**WHAT THE TASK REQUIRES**
Reproduce the entire listing exactly as written, apart from its pictures.

**SUPPLIED INFORMATION**

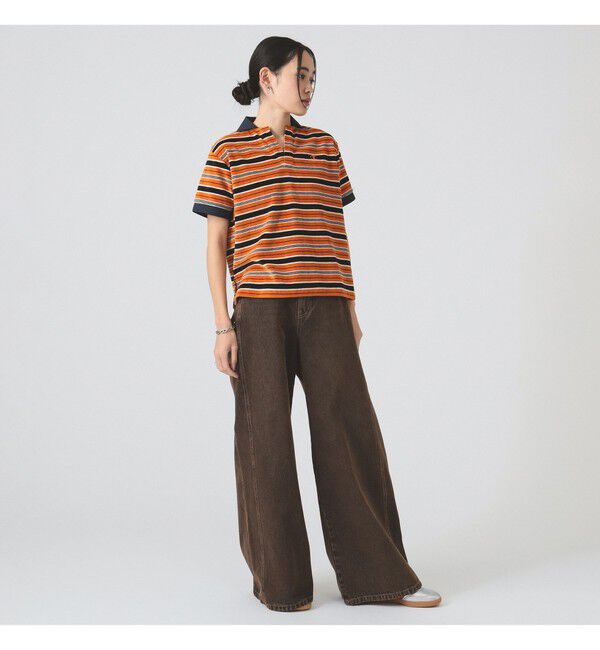 Ray BEAMS 「オーバーダイ デニム パンツ」|デニム|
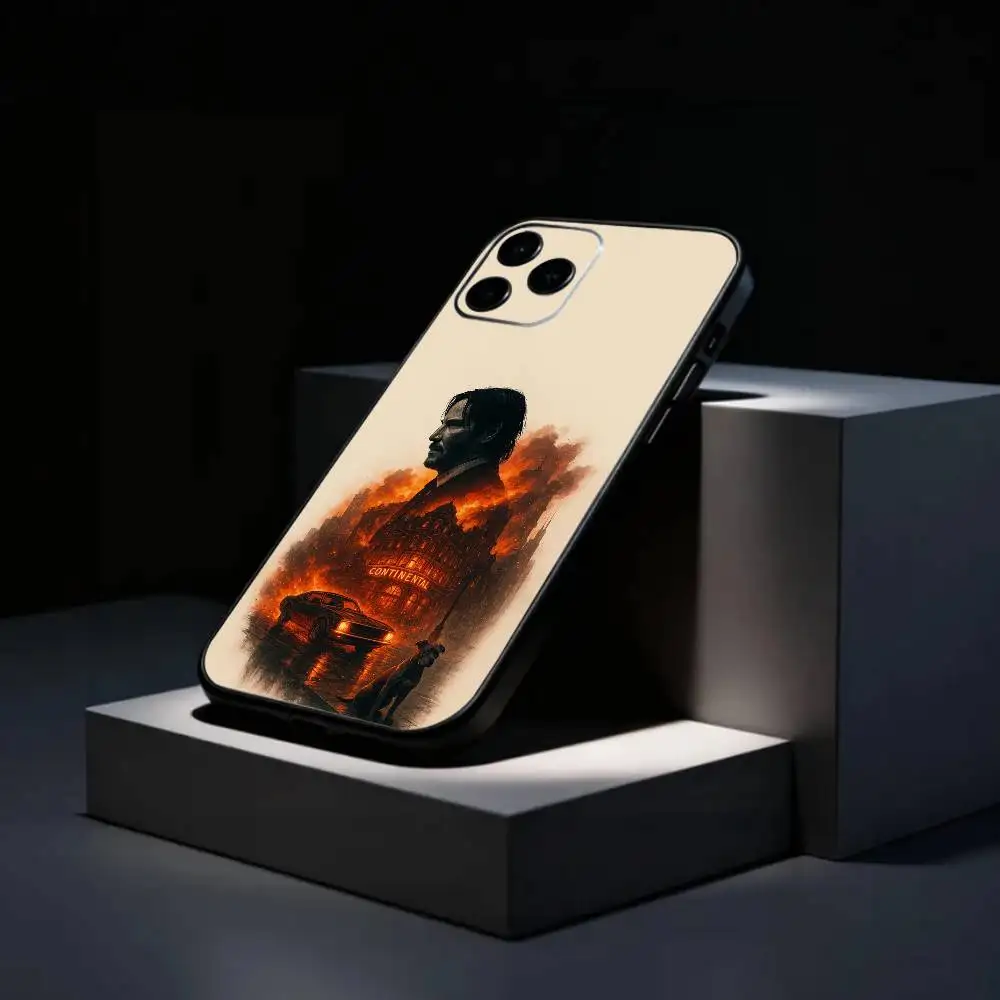 الأفلام الكلاسيكية جون ويك جراب هاتف سيليكون لينة آيفون 17 16 15 14 13 12 11 X XR Plus Pro Max Plus #6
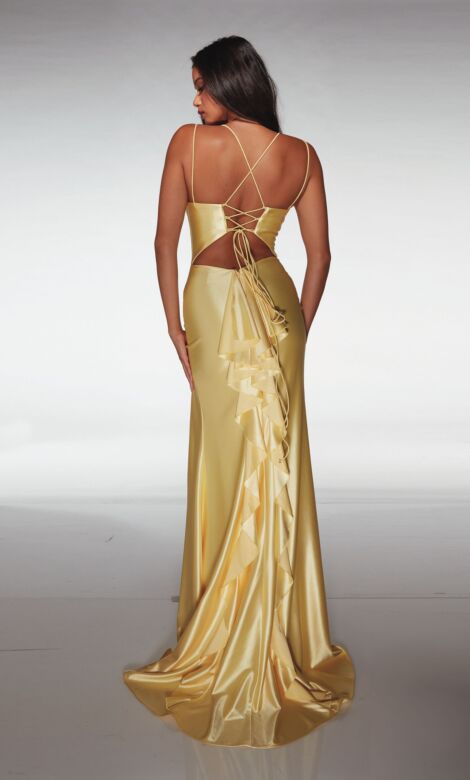 Aerie Couture 399 High Slit Double Strap Dress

**TASK SOLUTION**
 Ray BEAMS 「オーバーダイ デニム パンツ」|デニム|
 الأفلام الكلاسيكية جون ويك جراب هاتف سيليكون لينة آيفون 17 16 15 14 13 12 11 X XR Plus Pro Max Plus #6
 Aerie Couture 399 High Slit Double Strap Dress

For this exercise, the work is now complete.